Second, now that you are doing all of your work off the main branches, set the main branches to track the remote branches in the upstream repo. Then you can easily do a git pull
to bring your local main branch up to date.
Let’s add the upstream repo as a Git remote.
git remote add upstream https://github.com/django/django.git git fetch upstream
Now let’s set the master branch to track the remote branch in this upstream repo.
git checkout master git branch --set-upstream-to=upstream/master
Now we can do a git pull
git pull
The main branch(es) now are set up to sync with the upstream repo while the branches you create are set up to sync with your fork.
By the way, if you want to update a main branch in your forked repository you can do that too. For example, to update the master branch in your fork to bring it up to date with the master branch in the upstream repository you would switch to your master branch, update it with upstream, then push those updates to your fork:
git checkout master git pull git push origin master
At some point you’ll want to update your branch so it has the most recent commits from the main branch. For example, let’s say you create my-branch off of the master branch and now you want to update your my-branch with the latest commits on master that have landed in the upstream repository in the meantime. To do this you can first pull in updates for master from the upstream repo and then rebase your branch with master. Here’s how:
git checkout master git pull git checkout my-branch git rebase master
git rebase master
rewrites your commits on your branch on top of the latest commits on master.

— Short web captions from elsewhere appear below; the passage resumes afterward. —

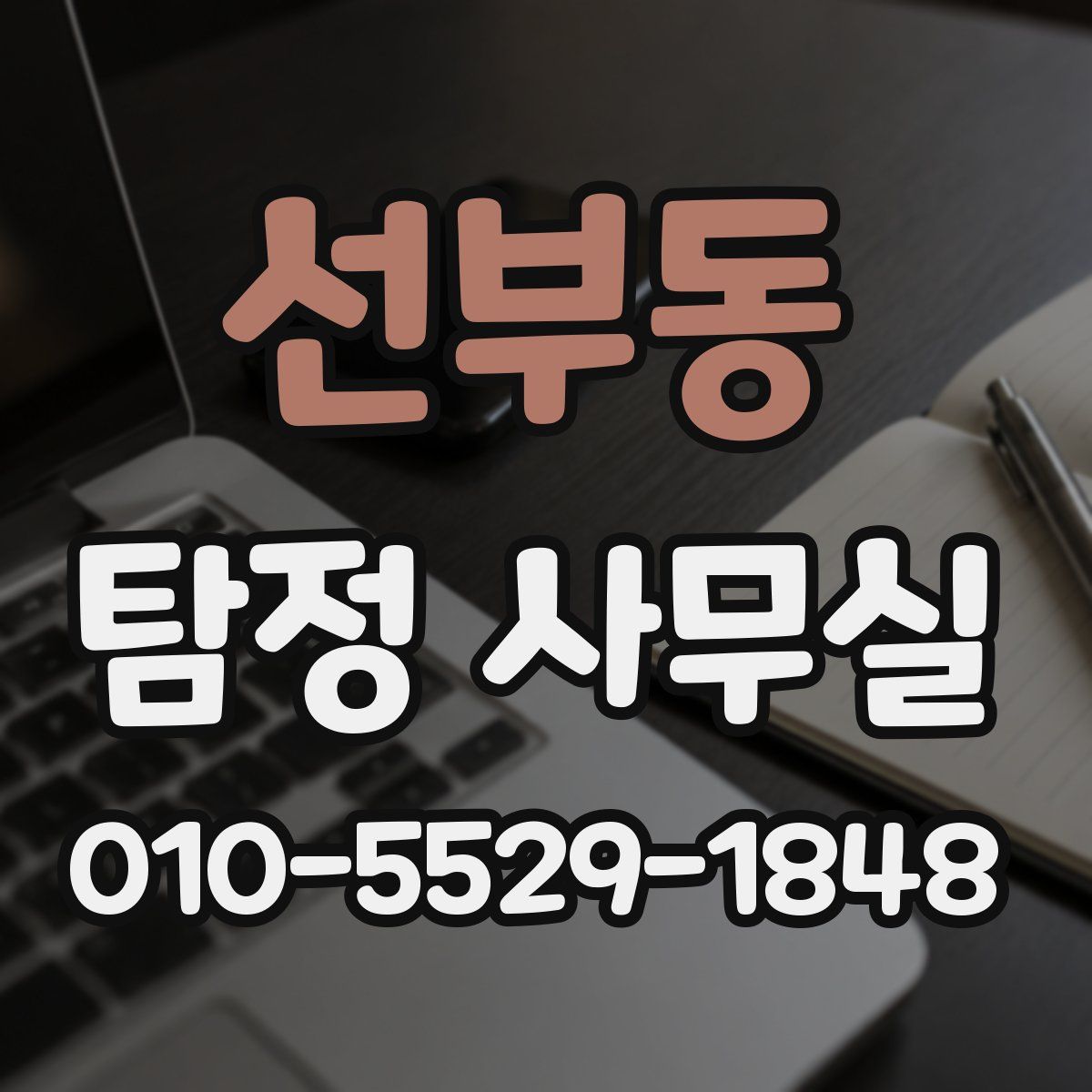 선부동 탐정 사무실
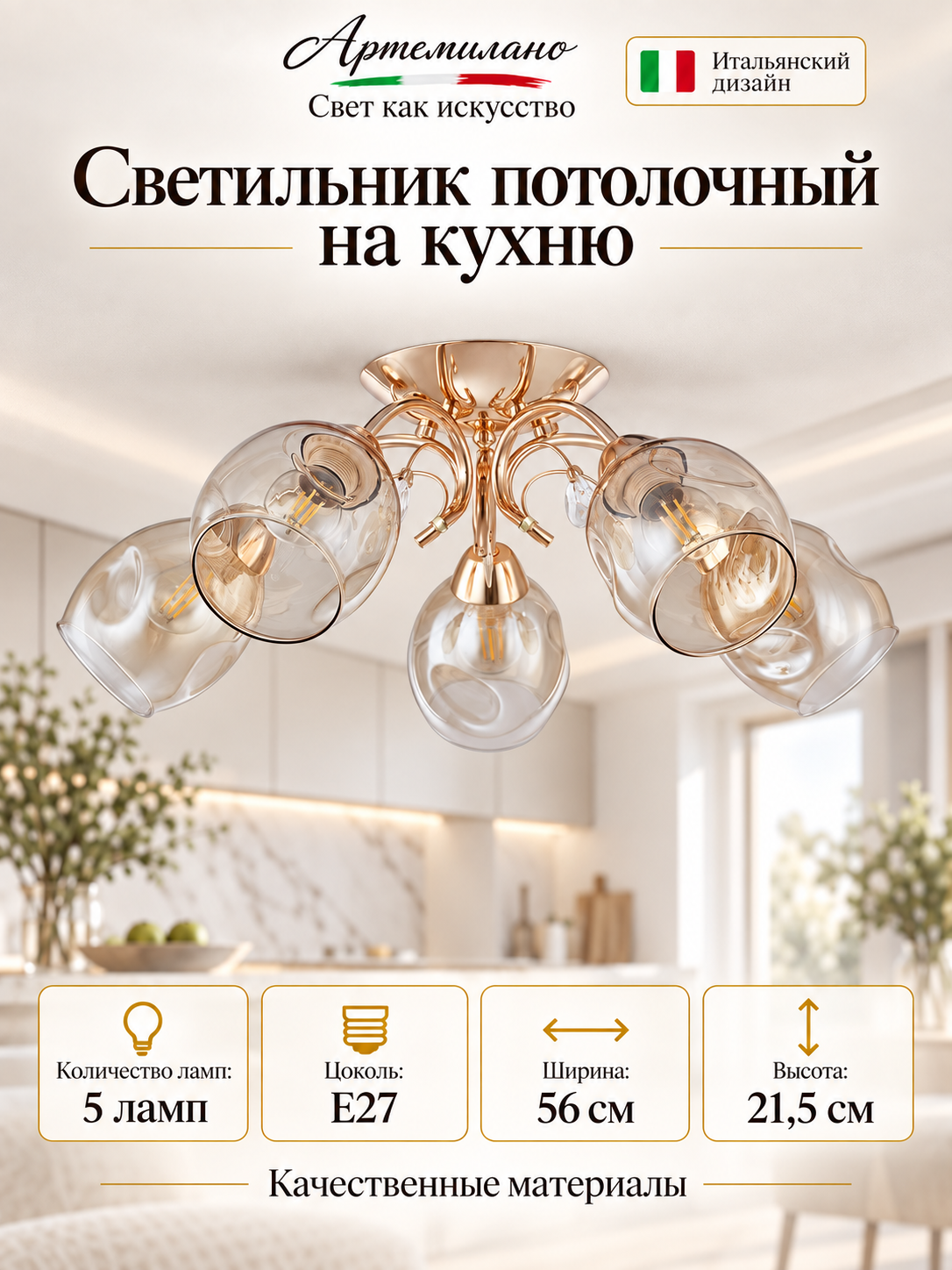 Светильник потолочный на кухню E27 Arte Milano 3333.5417.5. FGD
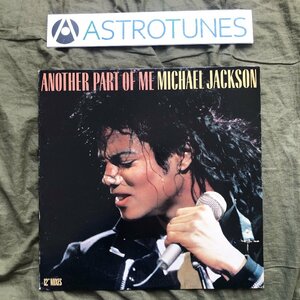 傷なし美盤 レア盤 1988年 米国 本国オリジナルリリース盤 Michael Jackson 12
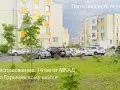 Купить 1-комнатную квартиру, 39.4 м², Балашиха, Дубовая ул, 11, Московская обл - фотография №9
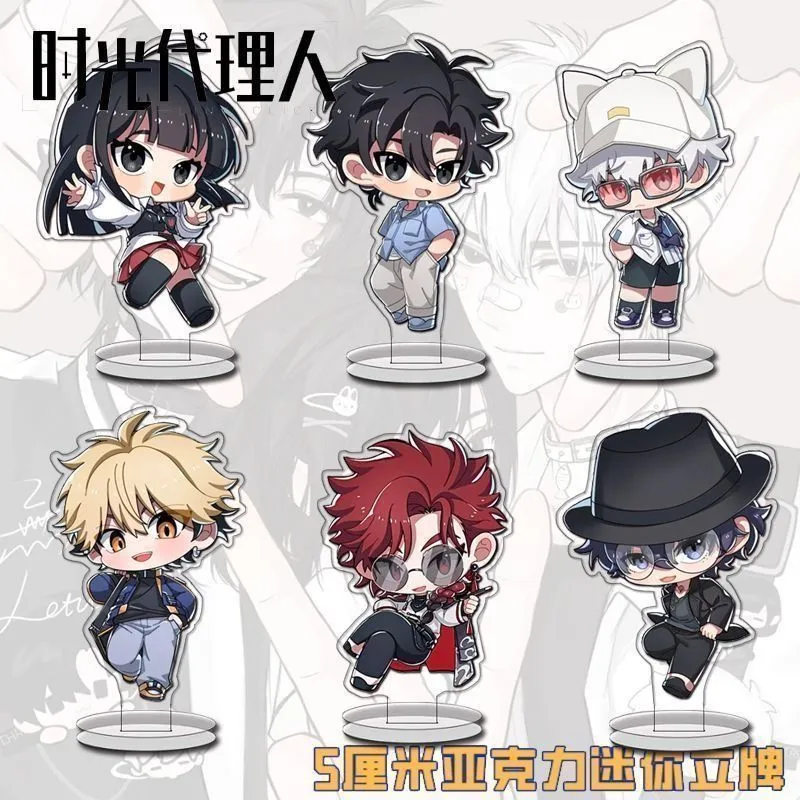 时光人周边迷你立牌陆光程小时vein乔苓可爱同款桌面摆件立牌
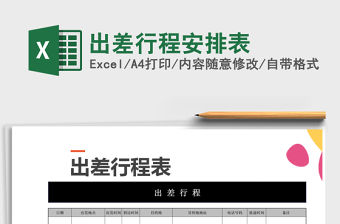 2021年出差行程安排表免費(fèi)下載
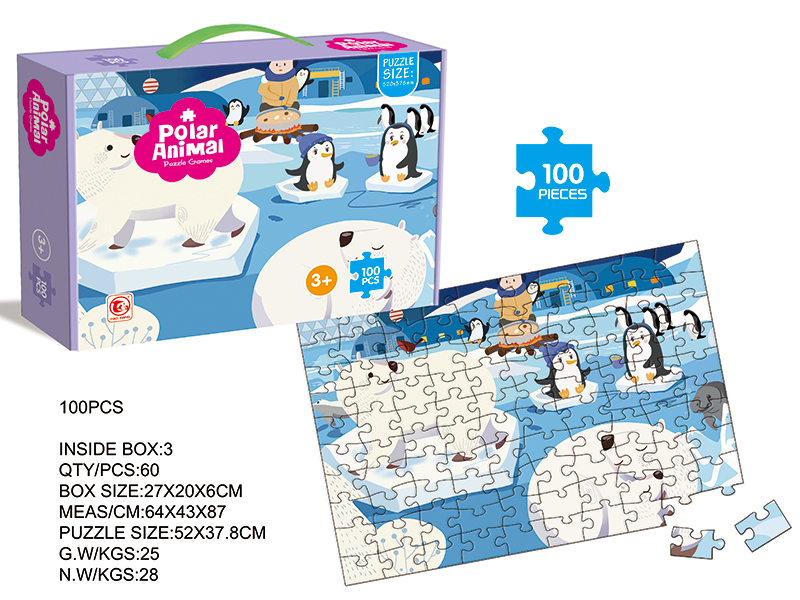 100pcs Polar Animal Puzzle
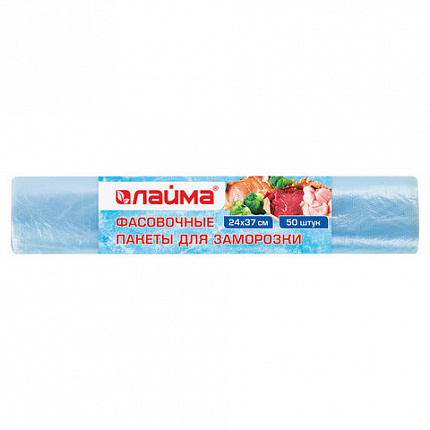 Пакеты фасовочные ДЛЯ ЗАМОРОЗКИ 24х37 см, КОМПЛЕКТ 50 шт., LAIMA, 606709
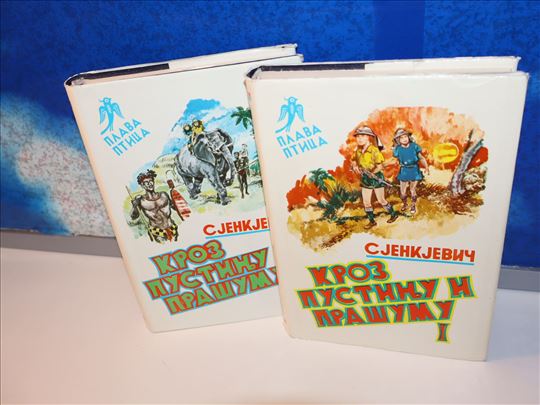 kroz pustinju i prašumu i-ii sjenkjevič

Of course, when you do this you might run into merge conflicts. When you run git rebase master
it will try to re-apply all of your commits, one by one, on top of the last commit on master. If there are changes on master and also on your branch to the same lines of code in a file, git won’t be able to figure out how to automatically merge those changes. The rebase will stop and tell you that there are merge conflicts. Running git status
will contain a section called Unmerged paths, something like the following:
Unmerged paths: (use "git add <file>..." to mark resolution) both modified: somefile.txt
For each one of the files listed in Unmerged paths:
1. Open the file in a text editor and inspect the conflicting changes. The conflicts are delimited by <<<<<<<
, =======
and >>>>>>>
markers.
2. Decide which side to keep or manually merge the changes, as needed. Save the file.
3. Run git add path/to/file
Once you’ve resolved all of the merge conflicts, run:
git rebase --continue
Git will continue with the rebase as best it can. It may stop the rebase process multiple times if there are more merge conflicts.